I have had days filled with anxiety. An example is when I sign up for an event on where I will be mingling with strangers. For an introvert like me, that is putting myself in a stressful situation and hoping to survive it.
If this is clearly stressful to me, why would I do this? I have had time to think about it and I think it is simple. When I make decision, I consider my best and worst case scenario. If I attend the event, what is the worst case scenario. For me, I’ll arrive at the location, see all this people and start having an anxiety attack. I’ll still summon the courage to go in and stand in a corner while waiting for a random person to say hello to me. After a while, I’ll get scared and bolt out of the room. I’ll tell myself I tried my best.

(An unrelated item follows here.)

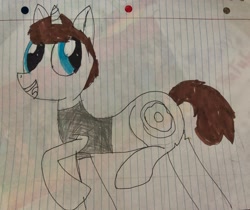 Size: 2048x1720 | Tagged: safe, artist:melodymelanchol, pony, unicorn, series:smosh in equestria, childhood art, clothes, horn, ian hecox, lined paper, male, ponified, smosh, solo, stallion, traditional art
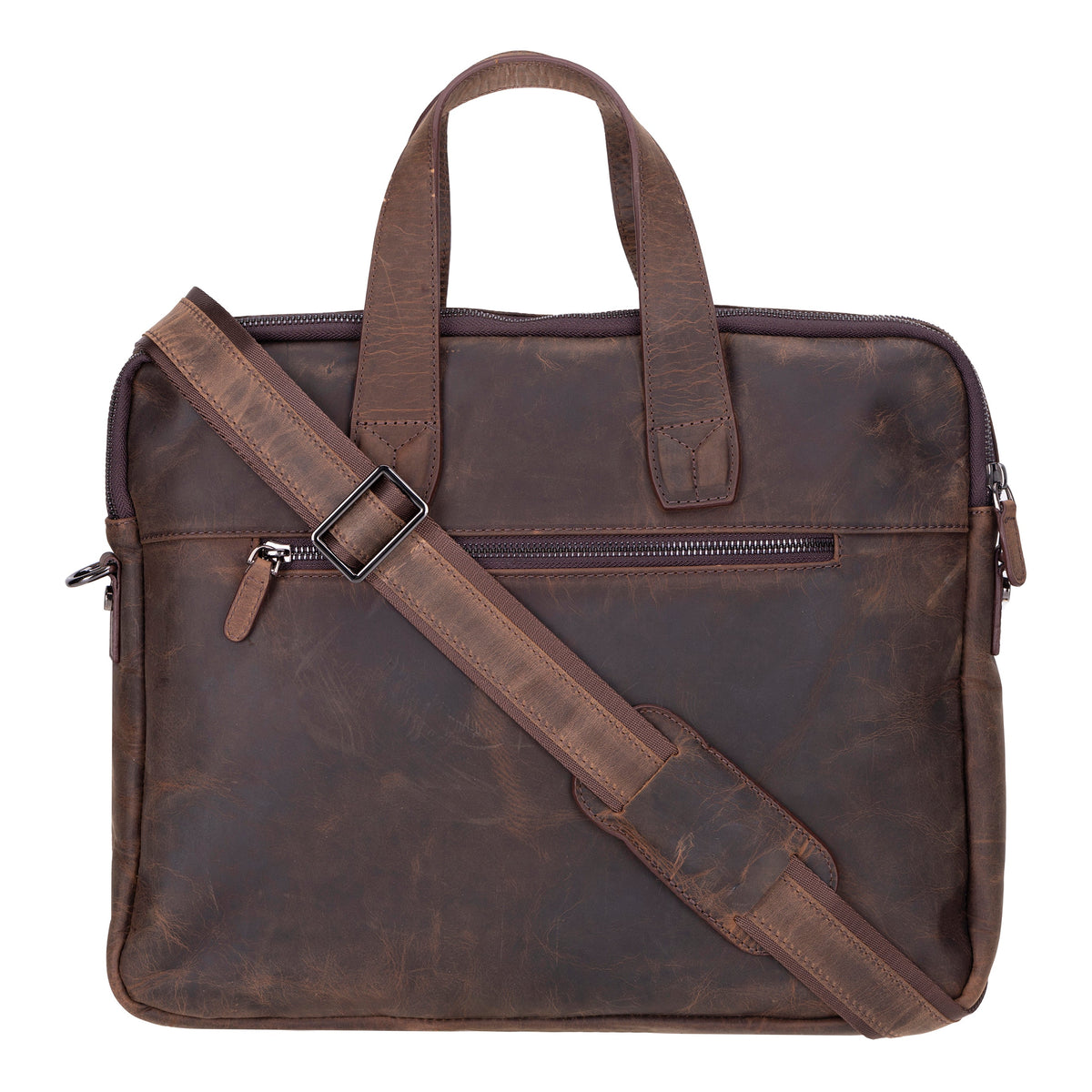 A brown genuine leather briefcase with a shoulder strap and handle, featuring zippered compartments and a sleek design.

Under the best case scenario, I’ll wake up feeling fabulous. I will wear my outfit, do my makeup and I’ll ‘ginger’ up some courage. I’ll arrive at the event and be upbeat plus flirty. I’ll stand in the middle of the room and somehow work myself into a conversation with strangers. I’ll make friends and manage to make connections. At the end of the night, I’ll float home knowing that I had done the best I could as an introvert.

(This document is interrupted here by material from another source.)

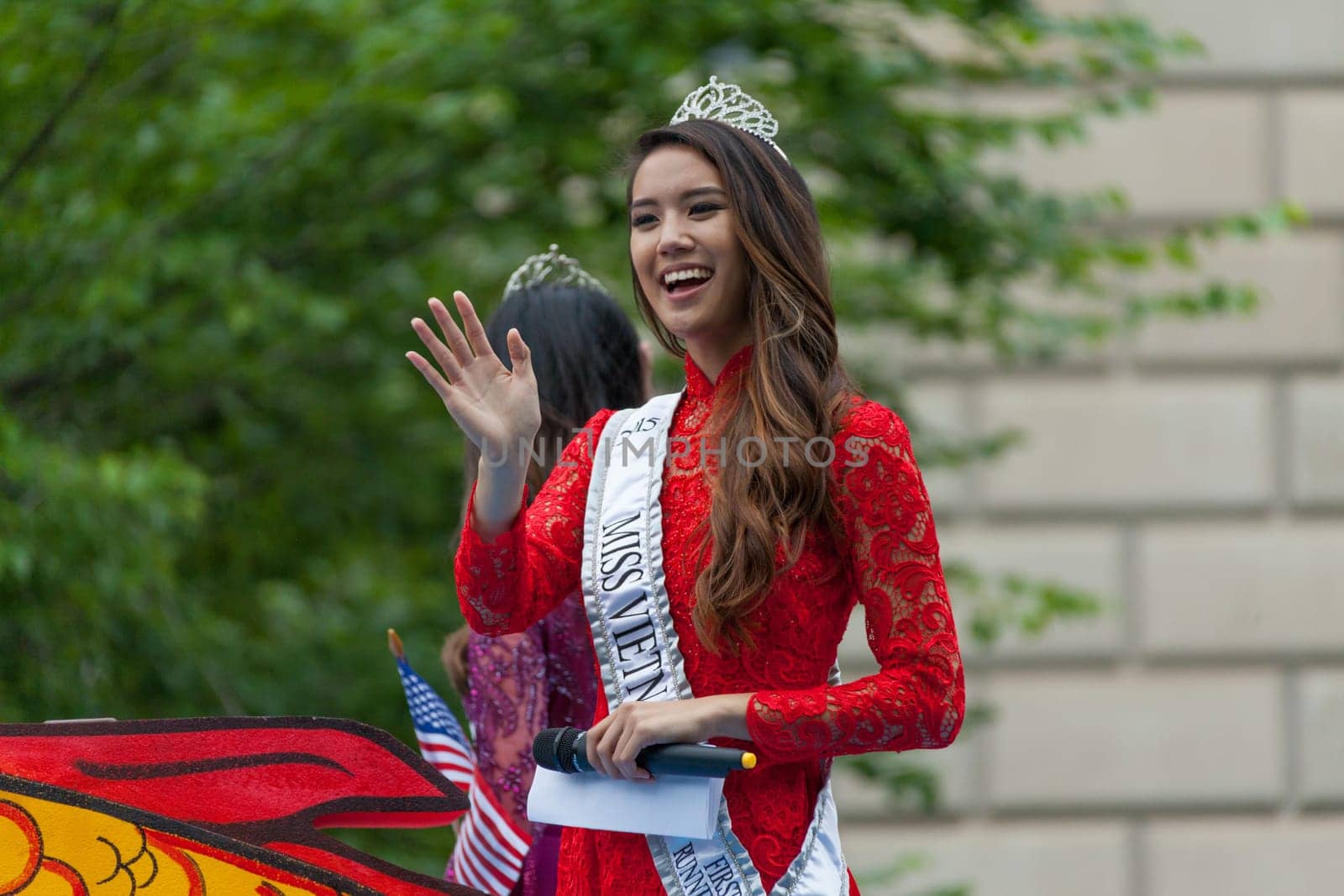 Washington, D.C., USA - July 4, 2016, The National Independence Day Parade is the  Fourth of July Parade in the capital of the United States, it  commemorates the adoption of the Declaration of Independence, only selected schools, and other groups participate.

The thing is I never know how I’ll feel until I arrive. Some days, I am really good with large groups of people. Other days, my energy level is just too low to actual care. Even though I stress out about going out, on my good days, I come out feeling proud and happy. On my bad days, I pat myself on the back for at least trying.
I have learned to make decisions based on dreams instead of fears. I don’t want to go through so afraid of the worst case that I miss out on the best days. So, even though I am stressing out about an event that is 5 days away, I’ll put on my big girl pants and keep making fearless decisions to show up. Sometimes, showing up is the biggest win of all.